Hacía tiempo que su memoria y orientación fallaban, pero llamaba la atención que sus palabras seguían siendo lúcidas y acertadas cuando confesaba a los monjes. En la enfermería solamente tenía un interés: seguir a sus hermanos ¿Qué hace ahora la comunidad, dónde está? Fue su pregunta habitual de enfermo.

La gracia del Espíritu Santo estaba en él. Podemos leer en su vida signos de ser un predilecto del Señor. El día 13 de noviembre, fiesta de Todos los santos que siguieron la Regla de san Benito, el padre Teófilo estaba en un sillón, rodeado de hermanos jóvenes; me acerqué a él, respiraba entrecortadamente y con su mirada me lo dijo todo. Comencé las oraciones para el último momento; miré el reloj, eran las tres en punto de la tarde; en ese mismo momento, con suavidad, se durmió para siempre en la misericordia del Señor.

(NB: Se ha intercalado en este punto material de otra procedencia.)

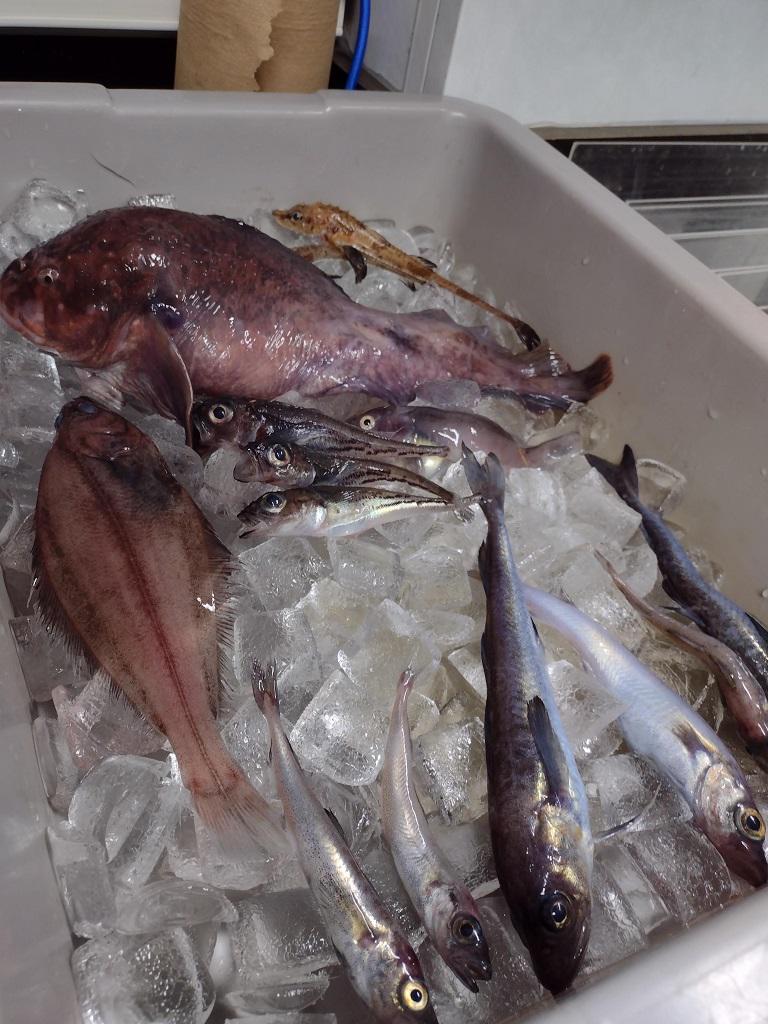 $!¿Cómo afectará el cambio climático a las pesquerías del mundo?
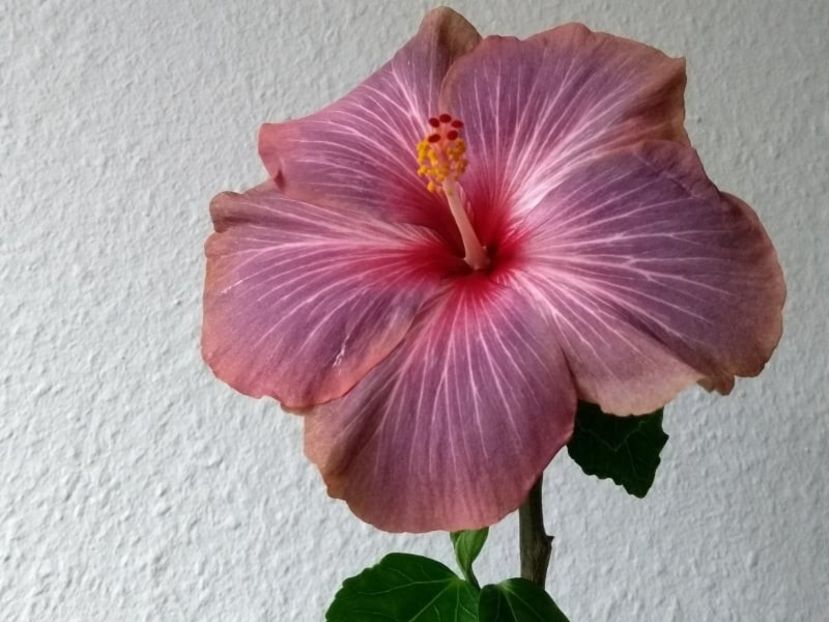  - Hibiscus din seminte 2020-2021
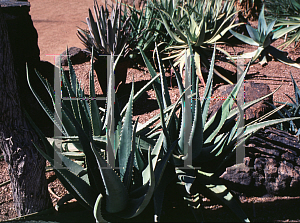 Picture of Aloe esculenta 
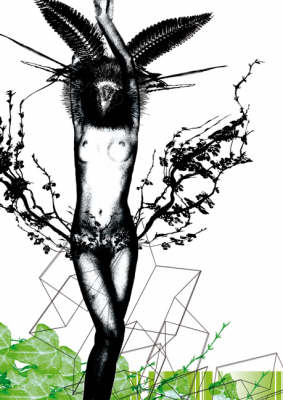 Dreamflesh: v. 1: A Journal of Body, Psyche, Ecological Crisis & Archaeologies of Consciousness (Paperback)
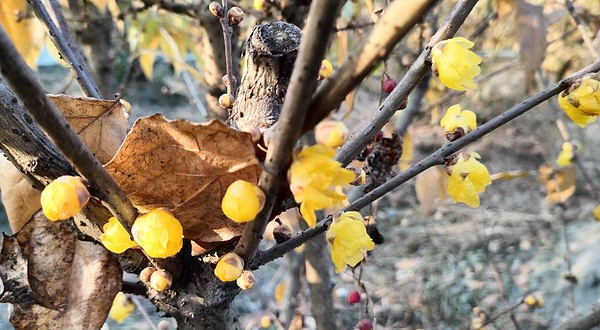琥珀蜡梅园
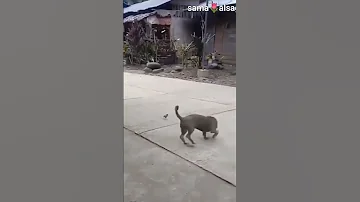 توت توت شد حيلك يا كتكوت 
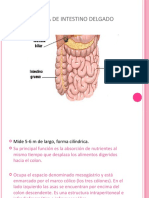 Oclusion Intestinal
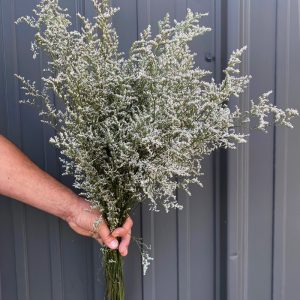 Caspia blanc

Al día siguiente, monseñor Rafael Palmero, obispo de Palencia, presidió la celebración exequial. Nuestro obispo le tenía un gran cariño. En su homilía nos dijo que si ayer celebrábamos a Todos los santos cistercienses, en el cielo faltaba uno; por eso fue a reunirse con ellos nuestro querido y venerado padre Teófilo.